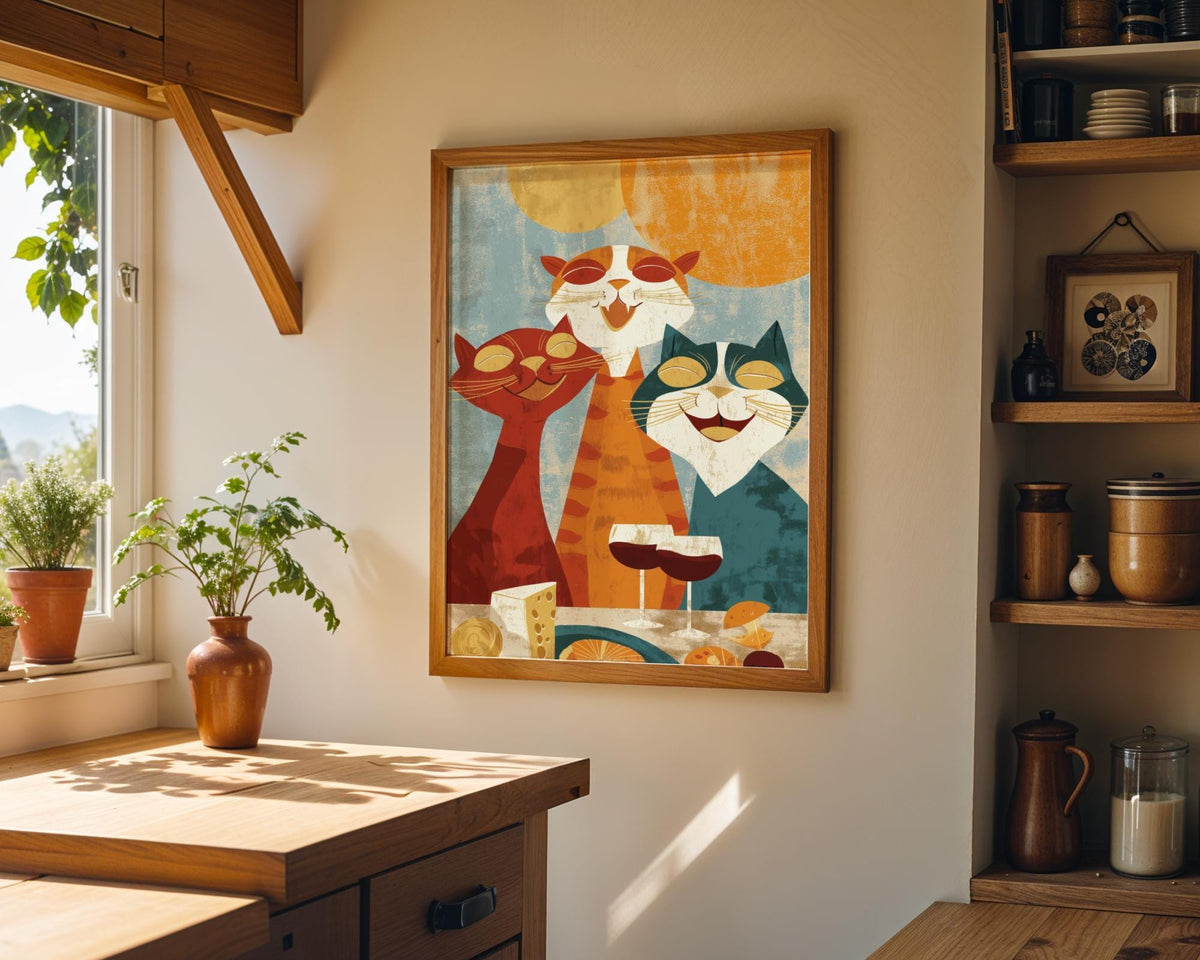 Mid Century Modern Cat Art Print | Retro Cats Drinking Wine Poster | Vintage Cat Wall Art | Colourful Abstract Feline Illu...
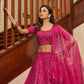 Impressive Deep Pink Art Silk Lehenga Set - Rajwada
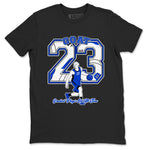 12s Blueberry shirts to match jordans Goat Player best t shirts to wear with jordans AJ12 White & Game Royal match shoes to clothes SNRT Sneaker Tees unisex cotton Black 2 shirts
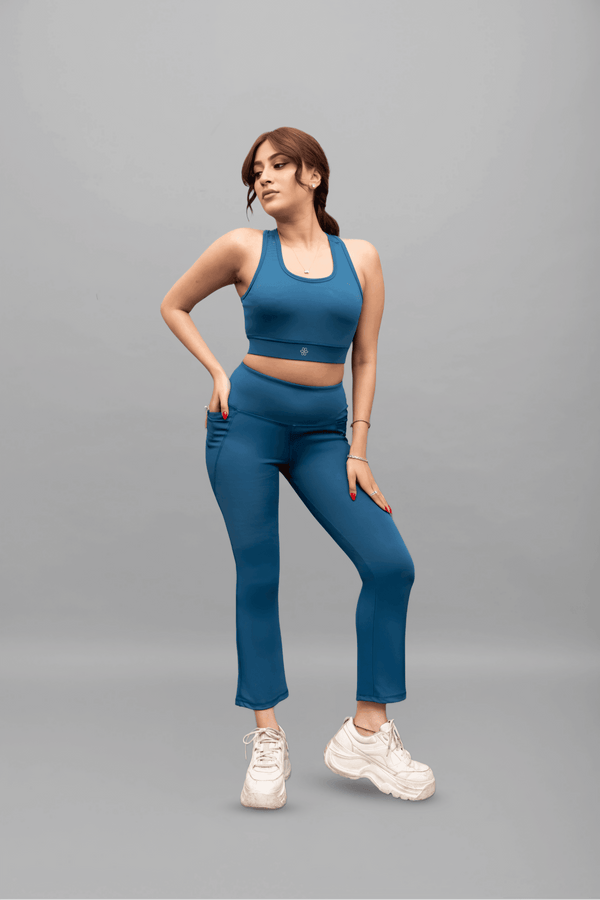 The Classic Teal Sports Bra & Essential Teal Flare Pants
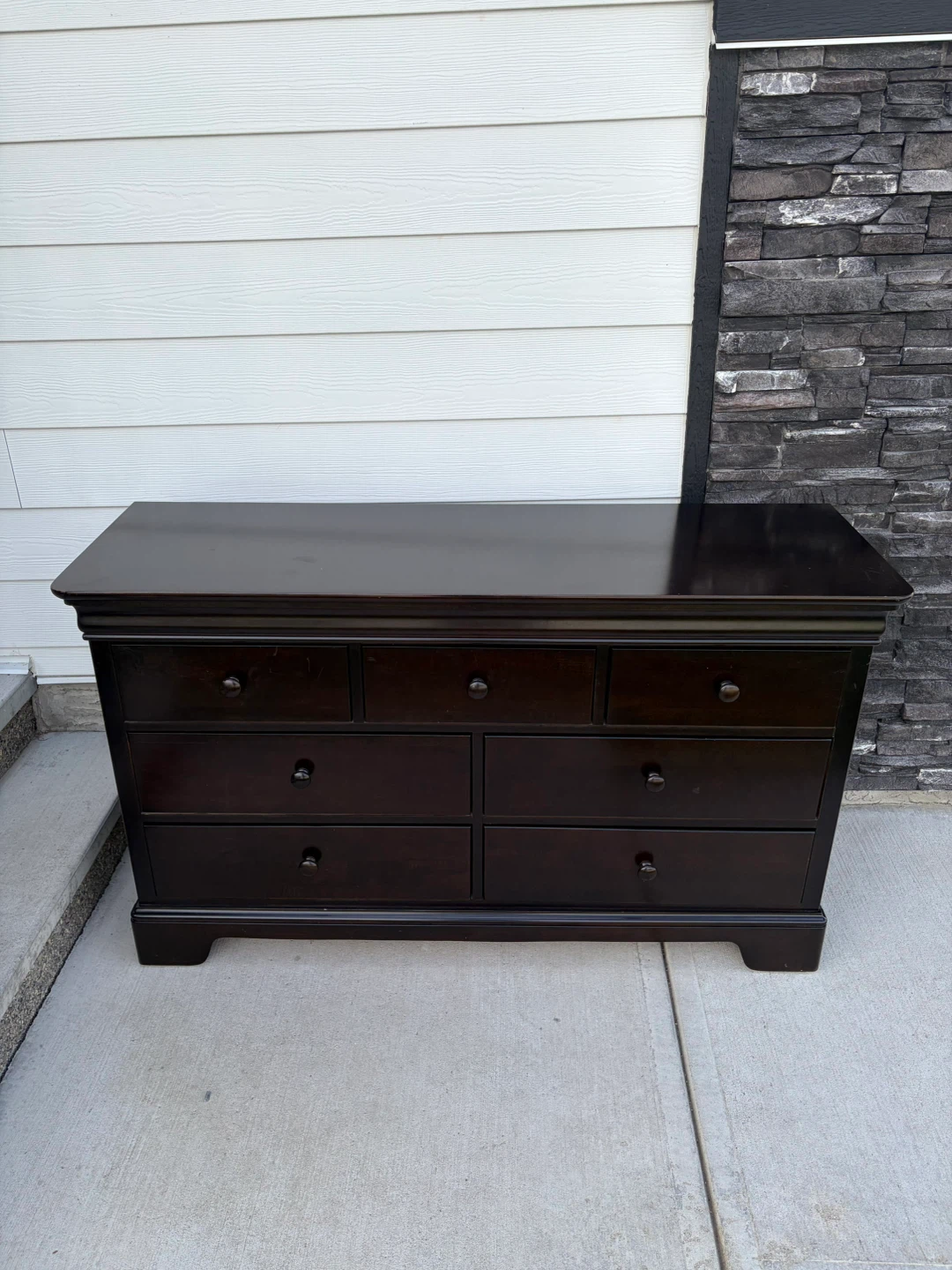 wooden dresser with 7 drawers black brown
######
## TASK INSTRUCTIONS
Wherever a picture appears in the records above, skip it and retype everything else exactly.

## EXERCISE OUTPUT
 Mid Century Modern Cat Art Print | Retro Cats Drinking Wine Poster | Vintage Cat Wall Art | Colourful Abstract Feline Illu...
 Impressive Deep Pink Art Silk Lehenga Set - Rajwada
 12s Blueberry shirts to match jordans Goat Player best t shirts to wear with jordans AJ12 White & Game Royal match shoes to clothes SNRT Sneaker Tees unisex cotton Black 2 shirts
 The Classic Teal Sports Bra & Essential Teal Flare Pants
 wooden dresser with 7 drawers black brown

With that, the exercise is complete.